The Prime Minister clearly does not have the confidence of her own party. The Greens, the party with whom she formed an alliance, have withdrawn their support. Today, the Prime Minister was contemplating withdrawing bills she regarded as so urgent that they had to be passed this week, because she has lost the support of the members for Denison, Lyne and Dobell, all of whom she had relied upon and who were critical to propping up her chaotic government and keeping her in power. The fact is that this Prime Minister's government was founded on written agreements with the Greens, the member for Denison, the member for New England and the member for Lyne. The member for Denison had his trust betrayed by this Prime Minister and he ripped up the agreement in disgust. The Greens have ripped up their agreement with this Prime Minister because of her shambolic handling of the mining tax.

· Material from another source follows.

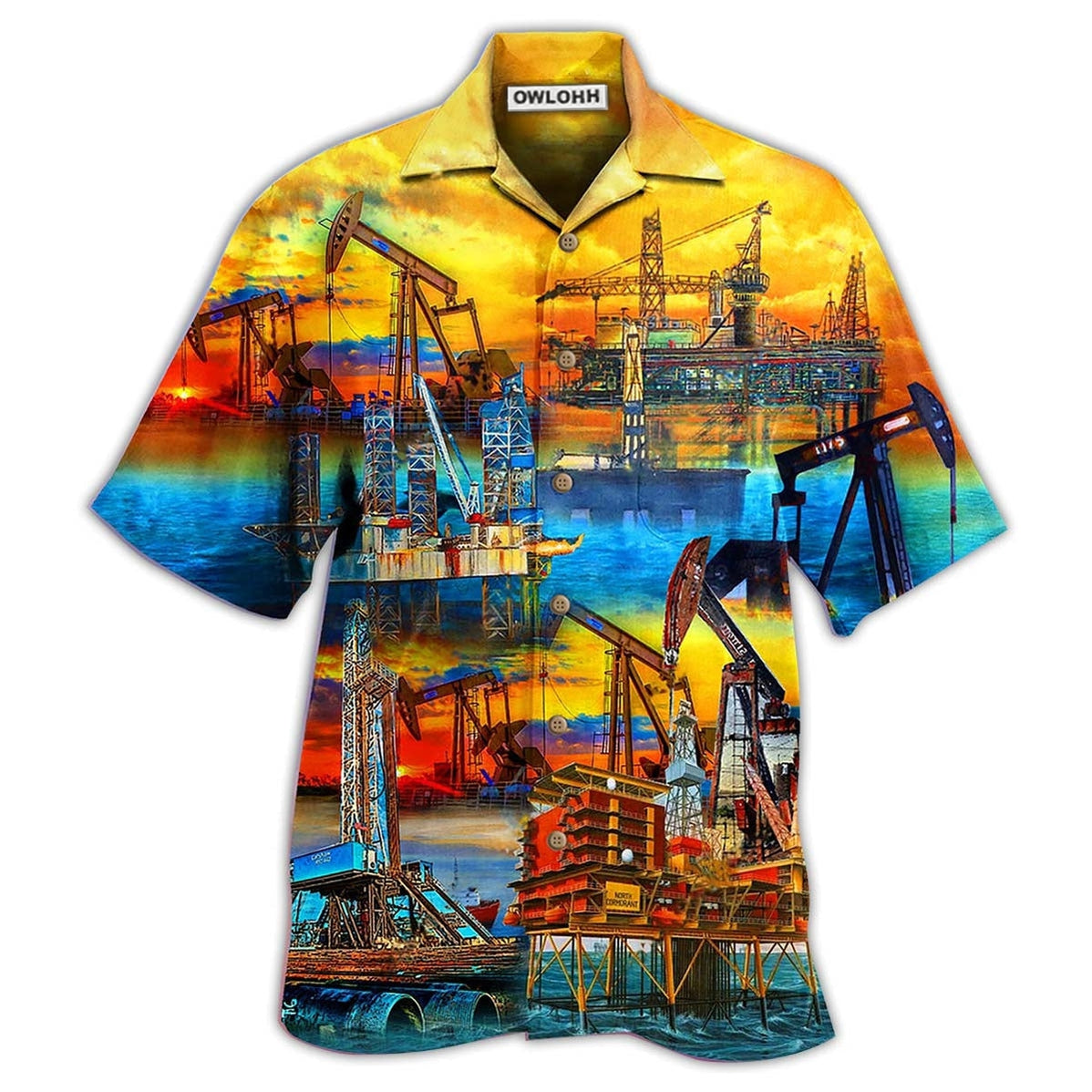 Hawaiian Shirt / Adults / S Oil Sunset At The Oil Field - Hawaiian Shirt - Owls Matrix LTD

The only written agreements that remain are those with the member for New England and the member for Lyne. They must search their consciences as to whether it is in the national interest for this chaotic Prime Minister to continue to lead her chaotic government; whether they should continue to prop up the current Prime Minister with more of the instability, more of the dysfunction and more of the bad policy that we have seen under her watch; or whether they should return to the chaotic administration of the member for Griffith. They must realise that there is no hope of stability with a party that is so divided that it is beyond hope and where, if the member for Griffith is returned, the dark forces of the Prime Minister will be deployed against him.

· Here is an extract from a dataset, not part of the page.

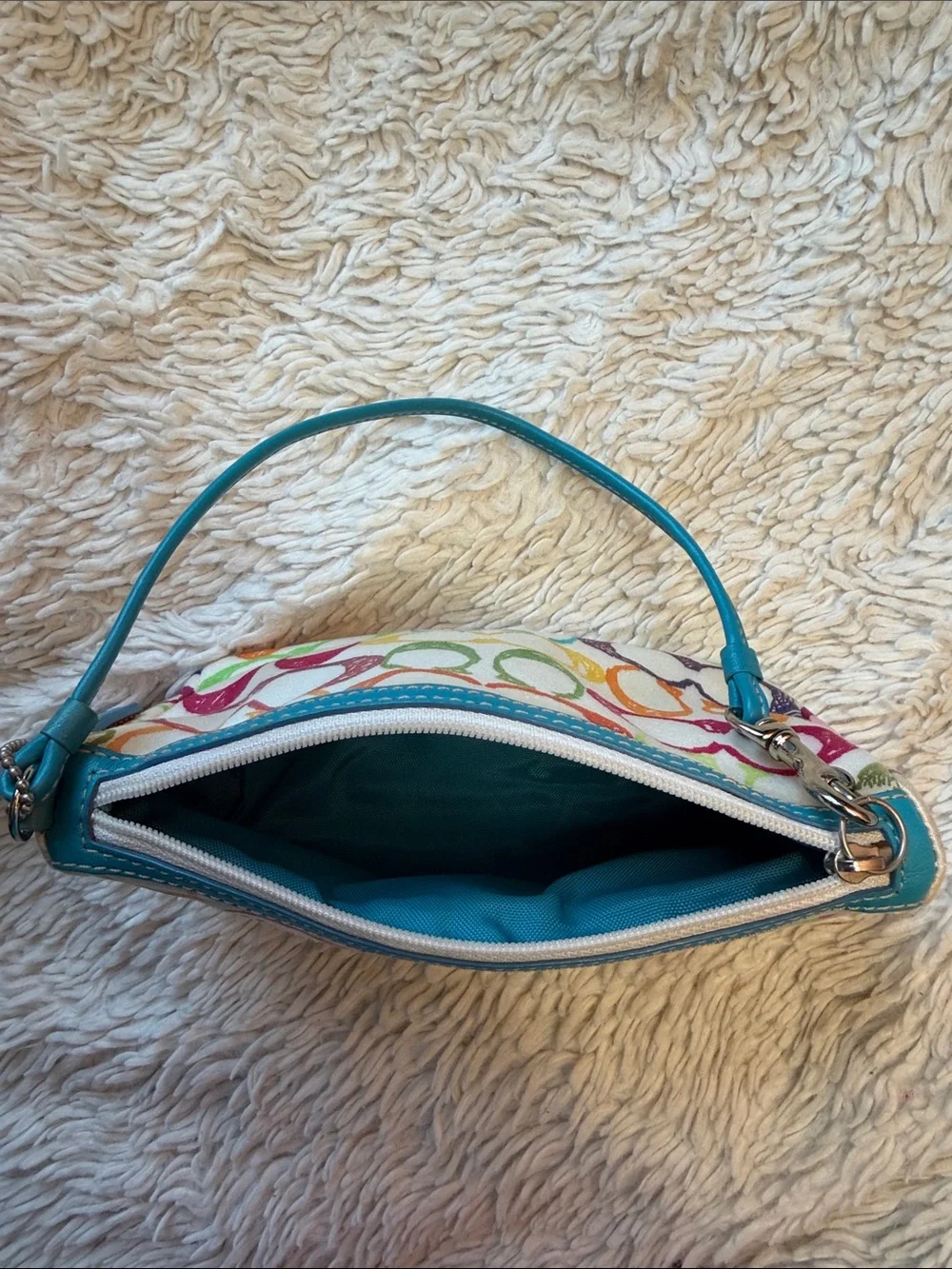 Vintage Coach Poppy Scribble Wristlet/Clutch~Aqua Leather/Soft Canvas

The fact is that the Prime Minister has now lost the support of one of her strongest supporters, the minister for regional development. He has declared he would rather support the member for Griffith than put up with more of this Prime Minister's leadership. He described the member for Griffith as a prima donna, not a team player and so disloyal, but he would rather put up with the member for Griffith than have to continue to serve under this Prime Minister.

The Australian people deserve so much better than this Prime Minister. The Australian people deserve so much better than this government, that has turned governing into an embarrassing farce under a Prime Minister interested in protecting her job and clinging to power, at whatever cost, so that she can remain in the Lodge.

This is all to the cost of the Australian people—to the cost of the confidence of the Australian people—who have taken such a battering under this Prime Minister. She is a Prime Minister who declares war day after day on another section of the Australian public. Whether it is single mothers, overseas skilled workers or media critics, she pits people one against the other in a divided and ugly attempt at governing this country. It is divisive, ugly politics.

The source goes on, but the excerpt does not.